This is the fourth article in a series that focuses on cognitive disorder and inflammation. The first component can be read here, the moment can be read here and the third here. For more information on inflammation and Covid-19, visit my website: www. williamhaseltine. com
In previous episodes of this series, we looked at new studies suggesting that even a mild SARS-CoV-2 infection can affect cognitive function. The first step in this chain of events occurs when the virus triggers an intense inflammatory reaction that reaches the brain. Once there, inflammation triggers the reactivity of microglial cells, the resident immune cells of the central nervous system formula, which produce even more inflammation and interfere with the overall functioning of vital cells, adding oligodendrocytes and neural precursor cells (Figure 1).
But since all of this happens because of inflammation, which we reveal in a number of infections or injuries, wouldn’t we expect to see something similar in other viral diseases?As part of their research, Fernández-Castañeda et al. they asked the same question themselves. In search of an answer, they turned to the flu.
Like COVID-19, the flu has also been linked to cognitive and neurological disorders. And like SARS-CoV-2, the flu is rarely neuroinvasive, even though any of the viruses can directly infect the brain, like many other viruses, it turns out to occur only rarely. It may be that influenza causes cognitive impairment through a mechanism similar to that of SARS-CoV-2.
To find out, the researchers exposed an organization of mice to the H1N1 strain of influenza. This strain is not neuroinvasive in mouse models, the infection is limited to the trachea and lungs. To keep things in line with their Covid-19 experiments, the researchers made sure the mice only had mild flu, as evidenced by minimal illness behaviors and minimal weight loss.
Despite a largely benign disease, the mice showed symptoms of superior inflammation, with a noticeable buildup in cytokine and chemokine levels. The researchers discovered them in blood and cerebrospinal fluid, indicating that inflammation had made its way into the nervous system.
The profile of influenza-induced cytokines largely mirrored that of mice with mild Covid-19 breathing (Figure 2).
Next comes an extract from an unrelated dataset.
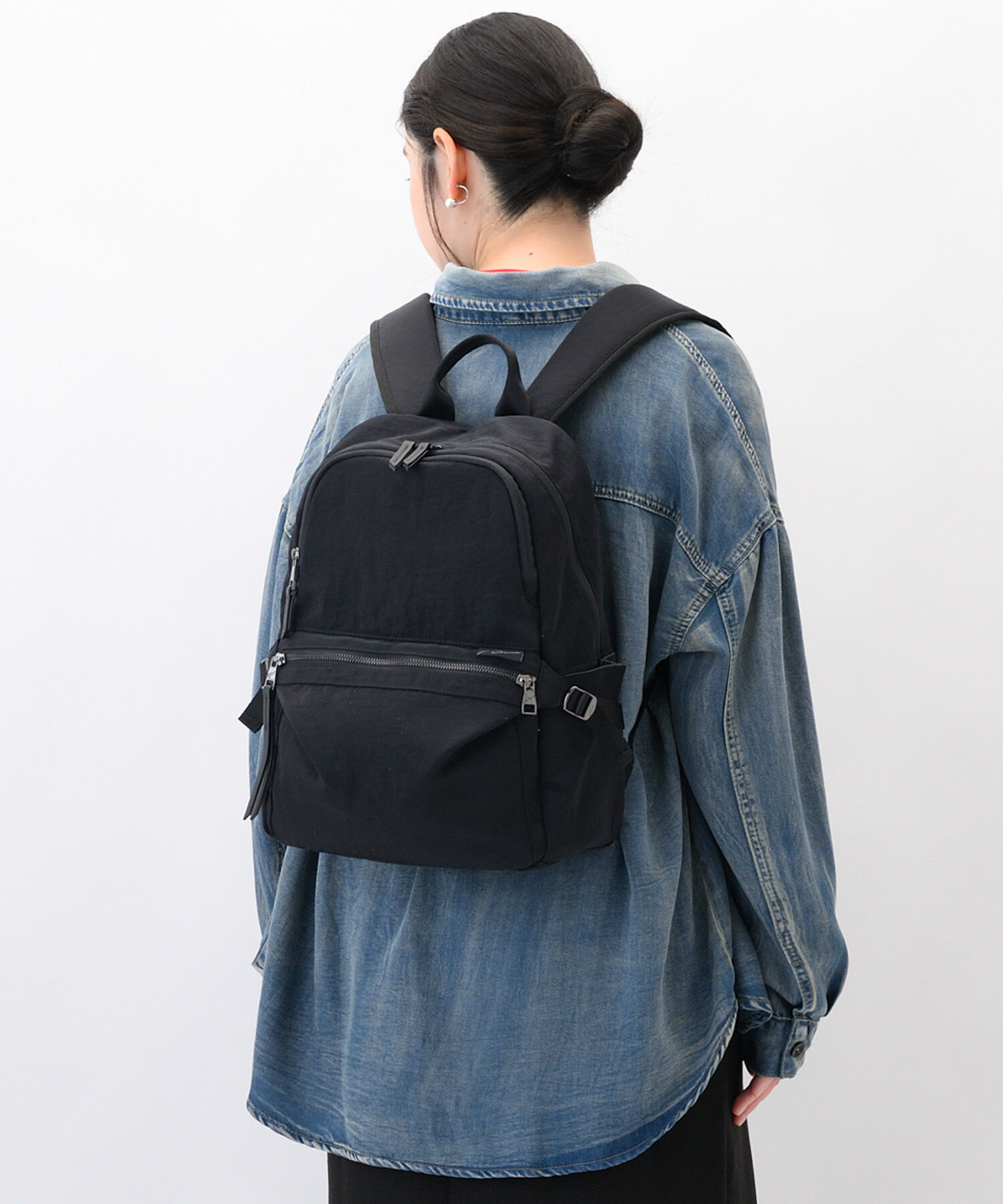 W&.Day/Night「W&.Day/Night ダブルアンドデイナイト キルッコ リュックサック A4サイズ 13.3インチPC収納 19144 バッグ」|リュック|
In either case, cc-pattern chemokine ligand 11 (CCL11) is provided in the cerebrospinal fluid seven days to seven weeks after infection. In fact, grades CCL11 were higher at seven weeks than at seven days.
This means that the first component of the mechanism behind cognitive decline after Covid-19, the peripheral inflammation that triggers neuroinflammation, also provides a flu infection. What about the remaining items?
In the context of Covid-19, high levels of CCL11 were related to the accumulation and reactivity of microglial cells. By reading the white matter of mice exposed to influenza, the team of researchers discovered a similar accumulation in microglial reactivity; the total number of microglial cells remained the same in the influenza and control organizations, the number of activated microglial cells was particularly higher in the recovering mice.
Accumulation in activated microglial cells accompanied damage to oligodendrocytes and a decrease in the production of new neurons in the hippocampus, called neurogenesis. Exactly the same pathology observed in mice with Covid-19.
Neurogenesis in the hippocampus deteriorated as early as seven days after influenza infection, and this persisted for at least seven weeks after infection. Microglial cells in this region remained reactive at all times. recovery in oligodendrocyte counts. Although there was a marked decrease seven days after infection, the oligodendrocyte population had normalized within seven weeks. This correlates with stable relief in microglial reactivity over the same period.
Therefore, they share the same underlying mechanism, the cognitive disorder caused by influenza differs from that caused by SARS-CoV-2; Or they cause a lasting decrease in neurogenesis in the hippocampus, but only SARS-CoV-2 causes more lasting damage in oligodendrocyte production.
Aftermath
The effects of viral infections can worsen over several weeks, months, and even years after infection. When it comes to cognitive decline, those findings identify systemic inflammation, which ultimately manifests itself in the brain, as a learning factor.
Not all viruses have the same effect because not all cause the same amount of inflammation. This is true even for other strains of the same virus, although the flu in general is not known to cause neurological problems. the strain that caused the Spanish flu pandemic of 1918 led to a strong accumulation of Parkinson’s disease. As the virulence of the strain slowly decreased, it followed the intensity of the inflammatory reaction, as did the frequency of neurological and cognitive symptoms. It will be a matter of time before some other virus with such a capacity appears.
This is evident with SARS-CoV-2, which has been characterized by the strength of the inflammatory reaction it triggers; in a sense, this is a feature of the virus. This manifests itself through cytokine storms, hypercoagulation, and disturbing levels of cytokines and chemokines circulating in the blood and cerebrospinal fluid.
While we can expect slight differences between the variants, the common theme is long-term cognitive and functional damage, some of which seem and others may not appear until much later.